An article inSlate compares the Supreme Court ruling in the Citizens United case (on unlimited campaign donations) to the campaign finance system that ran the Roman Republic into the ground. Some serious food for thought here.
“If Cato, Cicero, or Julius Caesar were here today, they would recognize the danger posed by Citizens United.
…Ancient politicians were just as skilled as modern ones at identifying and exploiting loopholes in election law. In Rome, the key loophole lay in the fuzzy distinction between ambitus (electoral bribery) and mere benignitas (generosity). Roman elections were often won on the strength of free food, drinks, entertainment, and sometimes hard cash offered directly to voters and financed by private fortunes. In fact, Roman campaign slogans were sometimes inscribed on the bottom of commemorative wine cups—you could drain the cup and find out whom to vote for. Most of the Roman elite relied on the gentleman’s agreement that the line between bribery and generosity would not be strictly patrolled. At worst, rank vote-buying was something your opponents engaged in; you, on the other hand, were simply being a good neighbor.
That explains the curious fact that continually rising penalties for corruption had almost no deterrent effect. Toward the republic’s end, the penalty for ambitus had risen to 10 years’ exile.

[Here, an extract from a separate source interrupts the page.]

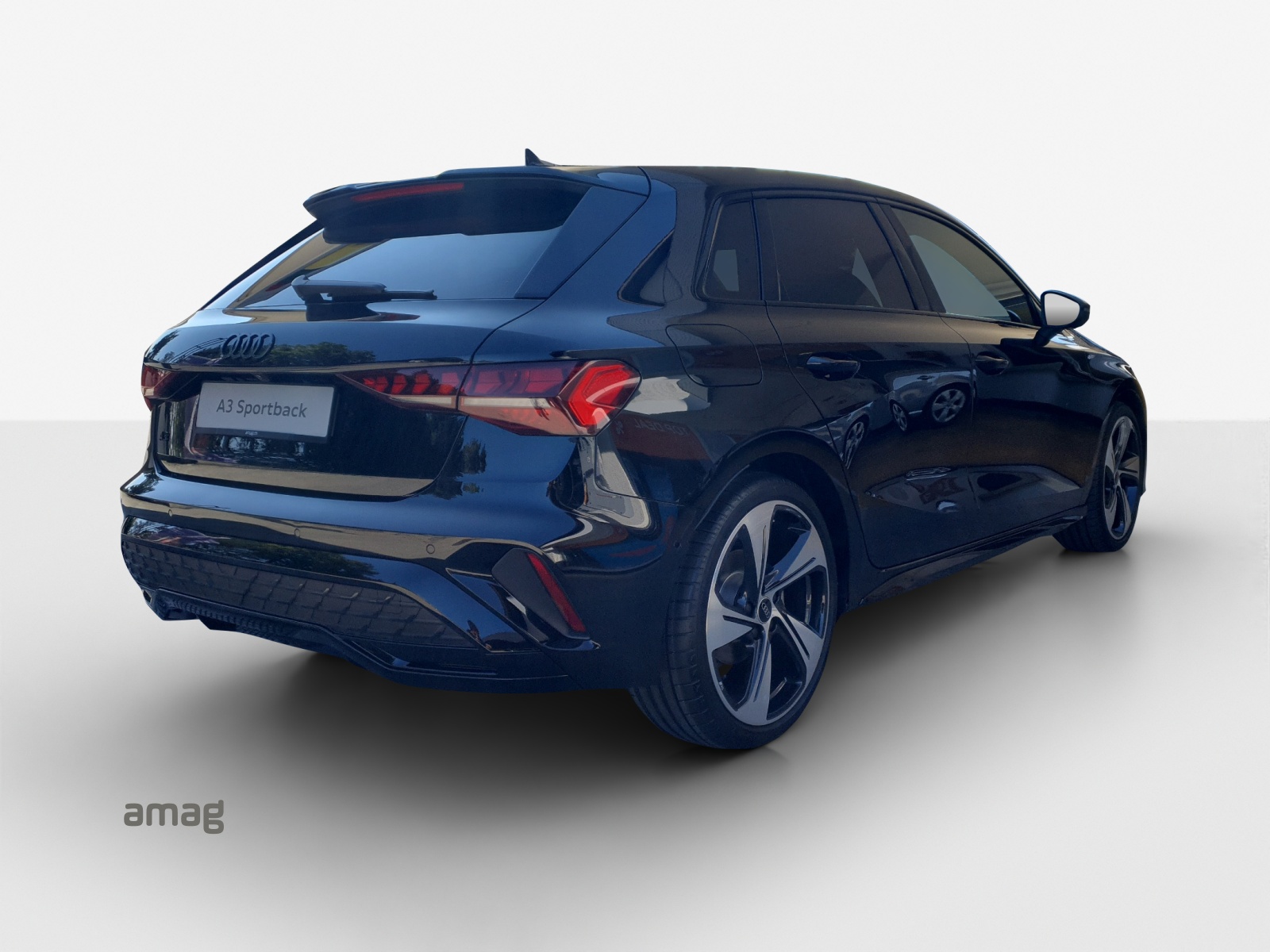 AUDI A3 Sportback TFSI 110 kW S line Attraction S tronic-image-4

The general Pompey, who presented himself as a clean-government advocate when he wasn’t buying elections for his allies, even proposed raising the statute of limitations for corruption charges to two decades, meaning that virtually no Roman politician would be safe.
Yet the money continued to flow: Politicians able to afford the massive bribes were usually able to afford protection after the fact. Worse, with no enforceable limits on spending and a heavy premium on one-upsmanship, the price of elections skyrocketed. Five years before the republic collapsed, Cicero made an astonishing claim: The wealthy had injected so much cash into election season that the interest rate in Rome temporarily doubled.”